WORK ITEM —
Only one span of the material below is wanted. Output it exactly, from the line with "1570 W Dumplin" through the line with "Smiling African American", without any pictures.

SUPPLIED DATA —

----

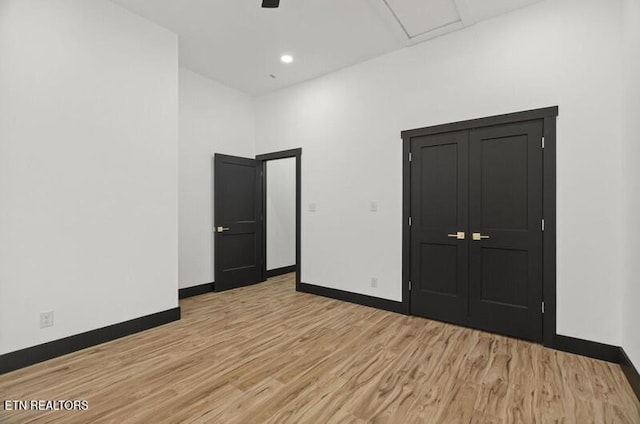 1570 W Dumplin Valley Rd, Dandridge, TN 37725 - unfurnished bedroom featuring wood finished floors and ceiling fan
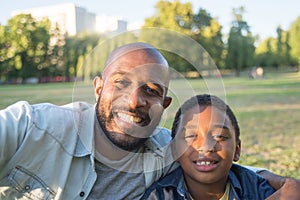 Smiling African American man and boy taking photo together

----

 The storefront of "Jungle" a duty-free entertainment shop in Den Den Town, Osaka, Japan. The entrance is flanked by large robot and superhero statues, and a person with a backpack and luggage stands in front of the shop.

----

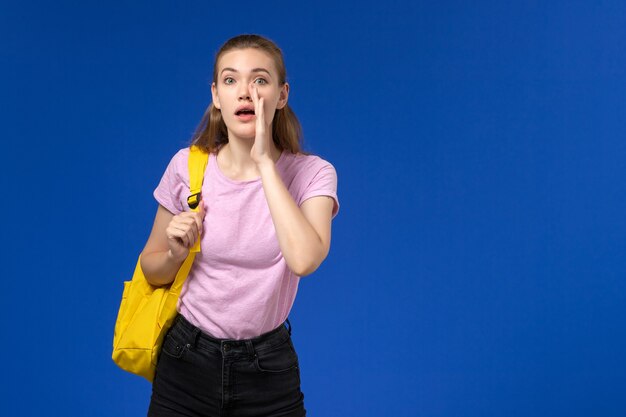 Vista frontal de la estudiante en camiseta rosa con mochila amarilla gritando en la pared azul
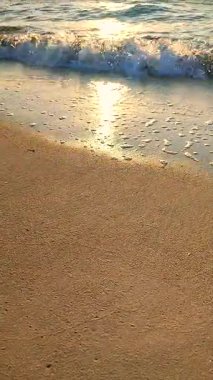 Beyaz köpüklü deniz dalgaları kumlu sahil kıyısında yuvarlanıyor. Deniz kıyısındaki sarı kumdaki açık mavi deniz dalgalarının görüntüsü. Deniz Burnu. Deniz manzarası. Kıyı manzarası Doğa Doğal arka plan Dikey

----

ANSWER SPACE —
 1570 W Dumplin Valley Rd, Dandridge, TN 37725 - unfurnished bedroom featuring wood finished floors and ceiling fan
 Smiling African American man and boy taking photo together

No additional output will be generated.